- Type: Formation
- Unit of: Manzano Group
- Underlies: Estadio Schist
- Overlies: Abajo Formation
- Thickness: 4,500 ft (1,400 m)

Lithology
- Primary: Quartzite
- Other: Schist

Location
- Coordinates: 34°22′59″N 106°32′24″W﻿ / ﻿34.383°N 106.540°W
- Region: Los Pinos Mountains, New Mexico
- Country: United States

Type section
- Named for: White Ridge
- Named by: Stark and Dapples
- Year defined: 1946

= White Ridge Quartzite =

Geologic formation in New Mexico, US

The White Ridge Quartzite is a geologic formation in central New Mexico. It has a maximum age of 1650 million years (Ma), corresponding to the Statherian period.

==History of investigation==
The unit was first defined by Stark and Dapples in 1946, during their mapping of the Los Pinos Mountains, and named for White Ridge, a prominent ridge in the northeastern part of the mountains.

==Geology==
The unit is a thick sequence of massive quartzite beds, white to reddish or tan in color, 2 to 7 ft thick. There are also scattered beds of sericite schist that become more numerous in the uppermost part of the formation, where the quartzite beds thin to 1 to 2 ft in thickness and the beds are reddened by hematite.
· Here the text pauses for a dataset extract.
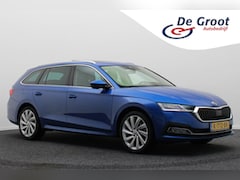 Skoda Octavia Combi - 1.5 TSI First Edition Panoramadak, Head-Up, ACC, Virtual Cockpit, Apple Carplay, Trekhaak,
The quartzite often contains significant sericite, biotite, and hematite. The total thickness of the formation is up to 3700 ft. The beds dip steeply to the west, at a dip angle of 32 to 70 degrees. The formation overlies the Abajo Formation and in turn is overlain by the Estadio Schist.

Detrital zircon grains in the formation are almost identical in age and isotope composition to the underlying Sevilleta metarhyolite, suggesting that the sediments of the quartzite were weathered almost exclusively from local sources. The minimum zircon age is about 1650 Ma, and radiometric dating of underlying and overlying formations place the age of the White Ridge Quarzite between 1650 and 1588 Ma.